_Dataset section_.
----
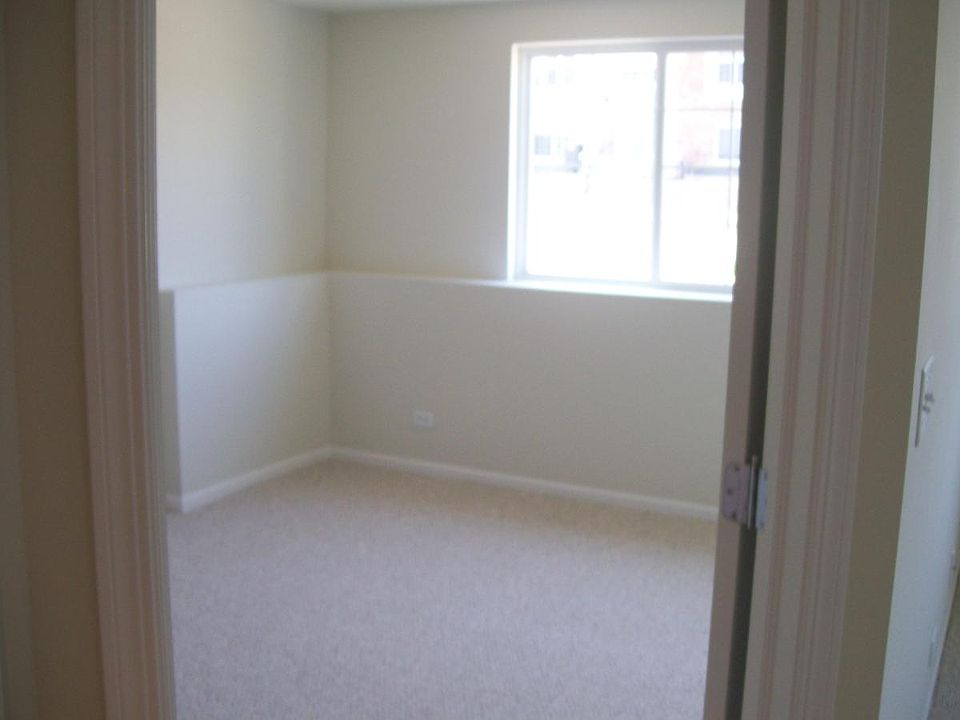 2nd image of 3301 Redbud Dr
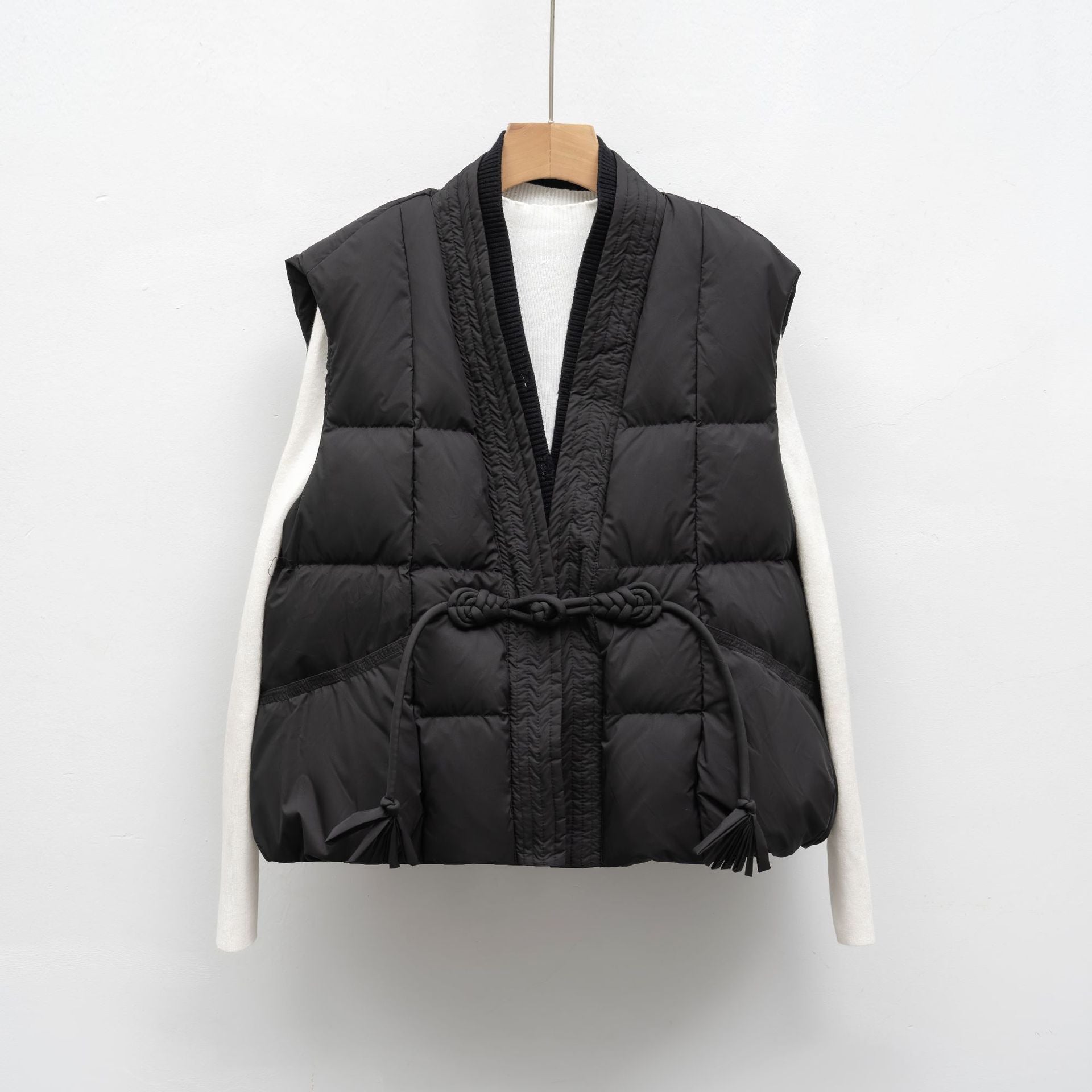 V-Neck Loose Fit Mid-Weight Solid Color Autumn Winter Vest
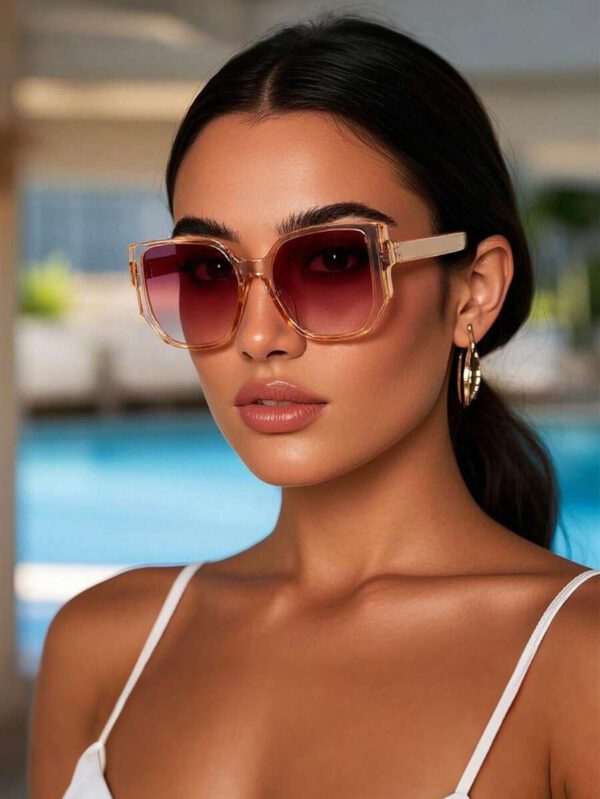 Lunettes de soleil rétro à grand cadre carré en plastique, design classique, décoration pour les voyages, les vacances à la plage, la protection UV et la conduite. Lunettes de soleil de mode unisexe élégantes pour les sorties en famille, les vacances, l'été, la plage, les voyages et les activités extérieures – Image 22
----
_What is expected_.
I'd like the material duplicated exactly, without its pictures.

_Task solution_.
 2nd image of 3301 Redbud Dr
 V-Neck Loose Fit Mid-Weight Solid Color Autumn Winter Vest
 Lunettes de soleil rétro à grand cadre carré en plastique, design classique, décoration pour les voyages, les vacances à la plage, la protection UV et la conduite. Lunettes de soleil de mode unisexe élégantes pour les sorties en famille, les vacances, l'été, la plage, les voyages et les activités extérieures – Image 22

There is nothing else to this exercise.